Jokowi tidak menanggapi tawaran jembatan Selat Malaka yang menghubungkan Dumai dengan Malaka. Padahal proyek itu sudah sanggup izin prinsip dari pemerintah SBY. Program Toll bahari Jokowi bukannya mendukung OBOR malah bersaing dengan OBOR. China pusing. Bagaimana dengan AS? Blok Mahakam di take over oleh Pertamina awal tahun ini dan Blok marsela di bangkit di darat dan kini justru Jokowi akan membangun pangkalan militer di Kepulauan Arafuru. AS tambah pusing. “ Bagaimana mau kerjasama bila tidak ada yang komit. Jokowi seenaknya mengabaikan komitment yang dibuatnya.” Kata sobat konsultan Geostrategis kepada saya. Saya hanya tersenyum. Saya katakan kepada sobat bahwa OBOR ( One Belt One Road ) tidak akan sanggup peluang menyentuh Malaka sebelum Sumatera terkoneksi dengan toll bahari maupun toll darat. Jokowi tidak mau mengorbankan Geostrategisnya untuk kepentingan asing. Janji China akan menggelontorkan dana USD 30 miliar untuk jalan toll Sumatera dan toll bahari , nyatanya hanya 10% saja cair. Mau komit gimana? Amerika juga sama, engga ada niat baik menuntaskan dilema Freeport dengan mulus. Mau komit gimana ? Saya rasa ini hanya pertimbangan fairly. Kalau mau bersinergi , China dan AS harus tunjukkan itikad baik. "Sekarang Indonesia, ada atau tidak ada china atau AS pembangunan jalan terus sesuai agenda. Agenda Jokowi untuk Indonesia", kata saya.

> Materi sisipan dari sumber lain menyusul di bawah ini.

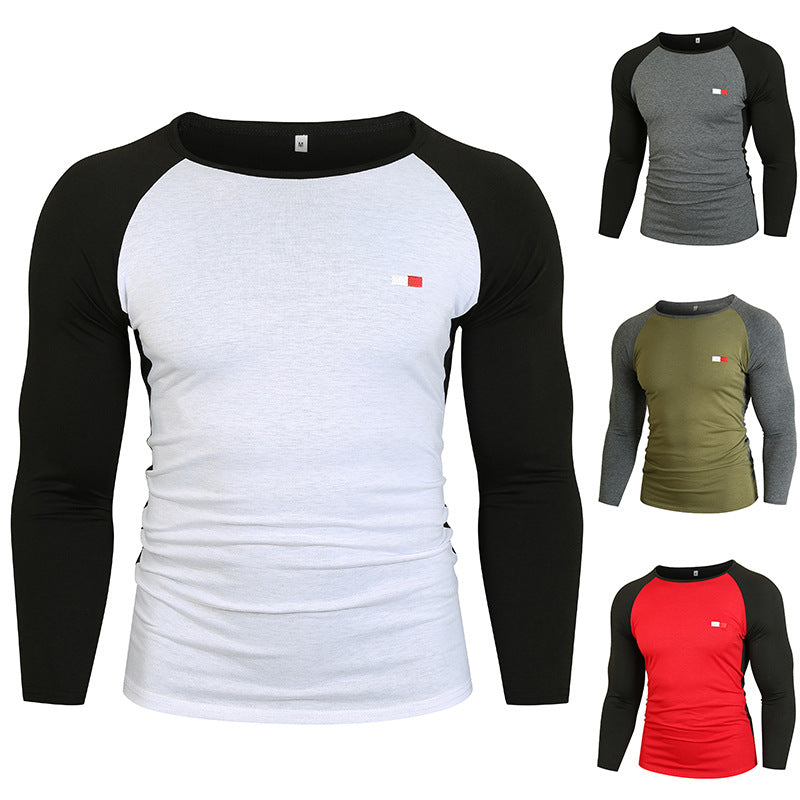 Herren Langarm-T-Shirt mit Raglanärmeln und hochwertiger Baumwolle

“ jadi apa ajakan kau ?" Kata sobat sambil mengerutkan kening.
"Menurut saya, china selesaikan aja komitment membiayai jalan toll Sumatera dan toll laut, dalam koridor B2B. Kemudian AS gunakan Jepang dan Eropa bangkit koneksitas Kalimatan dan Sulawesi. Dukung penyelesaian dilema freeport. Nah bila itu semua udah selesai, Jokowi akan komit. Mengapa ? Karena bila infrastruktur terbangun, Indonesia juga siap bersaing atas jadwal OBOR nya China dan Grand Pacific nya Amerika. Kan engga mungkin Indonesia hanya jadi penonton.”

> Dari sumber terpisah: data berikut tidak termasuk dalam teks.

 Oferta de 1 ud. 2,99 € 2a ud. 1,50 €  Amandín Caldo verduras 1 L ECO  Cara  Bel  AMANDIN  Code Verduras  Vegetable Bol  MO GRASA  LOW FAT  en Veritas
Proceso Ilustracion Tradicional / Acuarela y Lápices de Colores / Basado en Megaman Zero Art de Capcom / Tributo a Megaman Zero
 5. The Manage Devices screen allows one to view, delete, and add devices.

“ Wah saya yakin Jokowi akan gagal Pilpres 2019. Terlalu banyak musuh. Apalagi proxy China dan AS ada disemua Partai. “ kata teman. Saya hanya tersenyum. Memang usaha mempertahankan NKRI itu tidak mudah. Mengapa ? musuhnya bukan saja orang aneh tetapi juga dari dalam negeri yang berkedok pengamat, tokoh agama, politisi, dan mereka tanpa rasa aib secara vulgar menandakan keberpihakannya terhadap asing. Tidak ada mereka berdemo memperlihatkan sumbangan kepada Presiden dalam upaya nasionalisasi SDA kita. Bagi mereka bagaimana caranya biar jadwal aneh terkabulkan dan Jokowi jatuh, entah bagaimana caranya. Yang penting mereka sanggup uang dan kekuasaan.
“ Negeri kami merdeka berkat Rahmat Tuhan Yang Maha Esa. Engga ada yang kami takuti dengan aneh apalagi proxy kambing, proxy sapi, proxy kampret. Karena yang menjaga kami yakni Tuhan. Apakah ada yang lebih hebat dari Tuhan? “ kata saya. Engga percaya? Nah , terbukti kini di penghujung tahun kekuasaan Jokowi, Blok Mahakam, Blok Rokan dan divestasi 51 persen saham PT Freeport Indonesia selesai dan Jokowi masih bisa tersenyum tanpa beban menyapa rakyat dengan gaya jenakanya. Belakangan AS dan China harus bermanis muka kepada Jokowi biar Indonesia berperan dalam tawaran Indopacific dan tetap saja Jokowi memilih arah tawaran itu sesuai dengan kepentingan Indonesia. Sementara Gerakan pressure group semakin kehilangan inspirasi dan pijakan politik. Beberapa diantara mereka kini tersangkut kasus pidana dan mungkin ada yang hampir gila alasannya ngoceh salah terus. Pemilu 2019 yakni panggung Jokowi, untuk periode kedua dengan sumbangan penuh dari koalisi partai yang akan menguasai dingklik minimal 70% di DPR.